The Professional Mother of a pre-schooler or grade-schooler engages in activities so numerous that there are children less than six years old who have tried more hobbies in one week than I have tried in my whole life. There’s Spanish, team gymnastics, travel soccer, tennis, baseball, painting, ice hockey and lacrosse all weekend. And it’s not just one of these things – it’s all of them, at once. Her multi-tasking is without limit.
It wasn’t long after I became a full-time mom in the suburbs that I realized there was a pace out there that I couldn’t keep. As much as I desired, needed, craved to be busy, expressing that through my kids and with my kids was a disaster – for them and for me.
Don’t get me wrong, pre-school is a life saver and we’ve dabbled in soccer and ballet and the dreaded music class, but never more than one of those things a week. Truth be told, it was way too much work for me to drag a baby and a pre-schooler to stand outside a 45-minute “class” for a 1st grader. Instead, I just blare the IPod at home: dance, gymnastics, music class. There you go.

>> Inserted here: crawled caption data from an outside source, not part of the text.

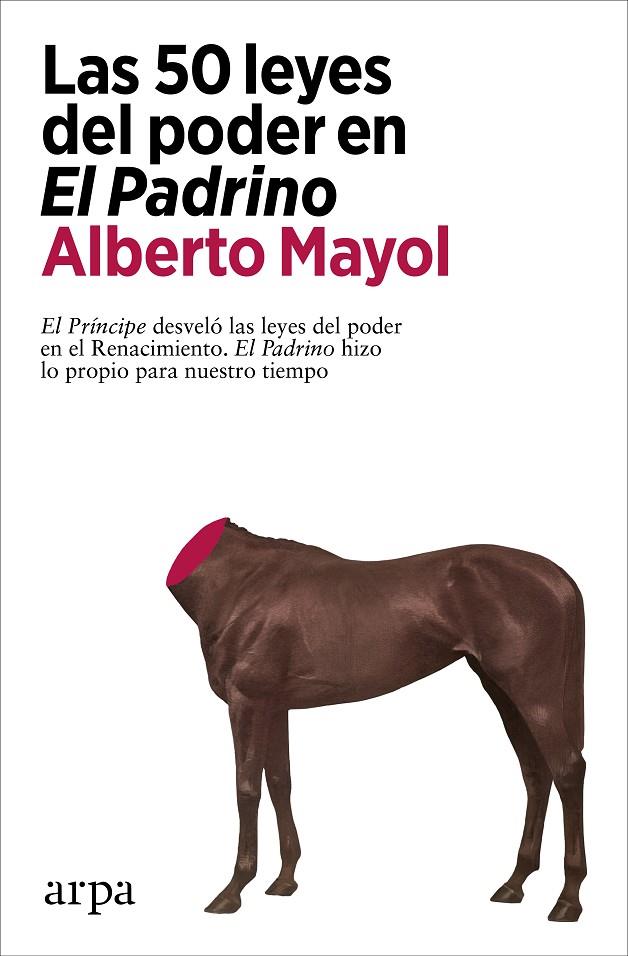 LAS 50 LEYES DEL PODER EN EL PADRINO | 9788418741289 | MAYOL, ALBERTO | Galatea Llibres | Llibreria online de Reus, Tarragona | Comprar llibres en català i castellà online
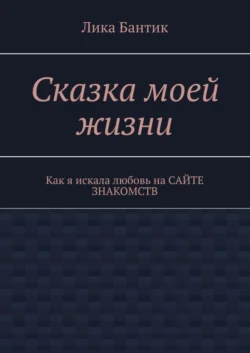 Сказка моей жизни. Как я искала любовь на сайте знакомств
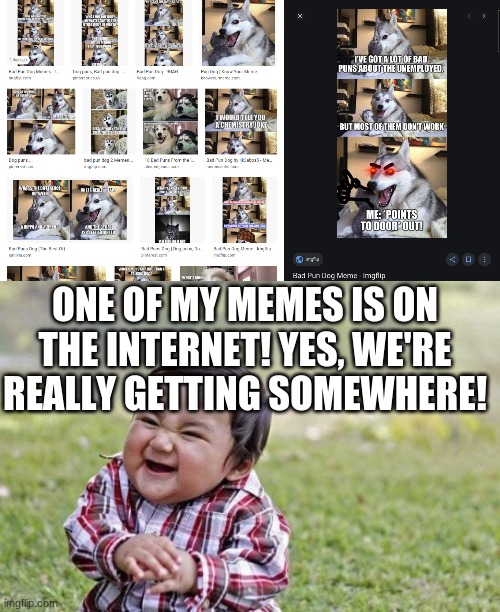 hehehehehe | ONE OF MY MEMES IS ON THE INTERNET! YES, WE'RE REALLY GETTING SOMEWHERE! | image tagged in memes,evil toddler | made w/ Imgflip meme maker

Did I nurse each child for fewer months than the one before? Yes. Do I consider crayons and construction paper and pretty much no guidance about what to do with those things (‘cause Mommy’s on the phone) a good, learning day? Yes. Do I make cereal and cereal bowls accessible to my tiny kids and expect them to make due some mornings? Yes, I do. Do I feel bad about all of that? No, I don’t.
I think.
My soapbox is wobbly I admit, and the doubts creep in. I doubt my exhaustion after a day of homework and housecleaning. I wonder since I didn’t drive to five activities is my tiredness, well, less than? Will Harvard reject my child because she didn’t speak French fluently by 9? And now that I don’t have a nursing baby to lean on (literally), is it my convictions that still make me pass on more than one activity per week? Or my laziness?

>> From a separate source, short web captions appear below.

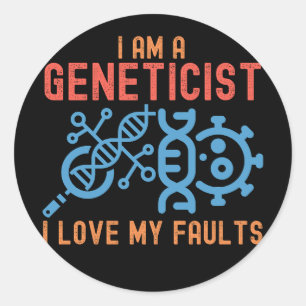 Sticker Rond Je suis un généticien J'aime mes défauts, citation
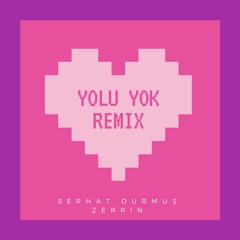 Serhat Durmuş Yolu Yok ft Zerrin (CHROS REMIX)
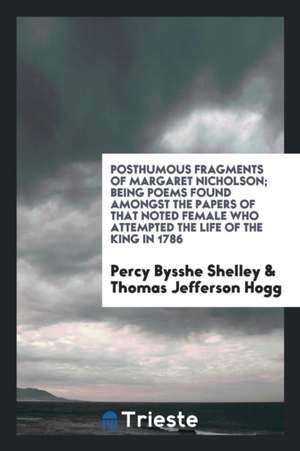 Posthumous Fragments of Margaret Nicholson; Being Poems Found Amongst the Papers of That Noted Female Who Attempted the Life of the King in 1786 de Percy Bysshe Shelley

The Pro Mom exacerbates my undoing. Even on the days when I’ve whipped up homemade play dough or read the same book six times in a row – at dinnertime! -- she is out there. She is out there tapping endlessly into her Blackberry the schedules of her accelerated children to remind me that no matter what I do, or don’t do, I am not doing enough.
The Professional Mother doesn’t aim to be mean spirited. Maybe we brought this culture of competition onto ourselves. When I was in college, we good, smart feminist girls waged a minor rebellion – one of many that stood to pit us against old-school feminism. It was okay to be sexy, we said, to like men and wear mascara and short skirts. We were confident in our sexuality as a tool, not a limitation, and we took advantage. Marriage was okay and motherhood too. We would indeed have it all: respect and hot pants, babies and promotions. It would be different for us. And it is.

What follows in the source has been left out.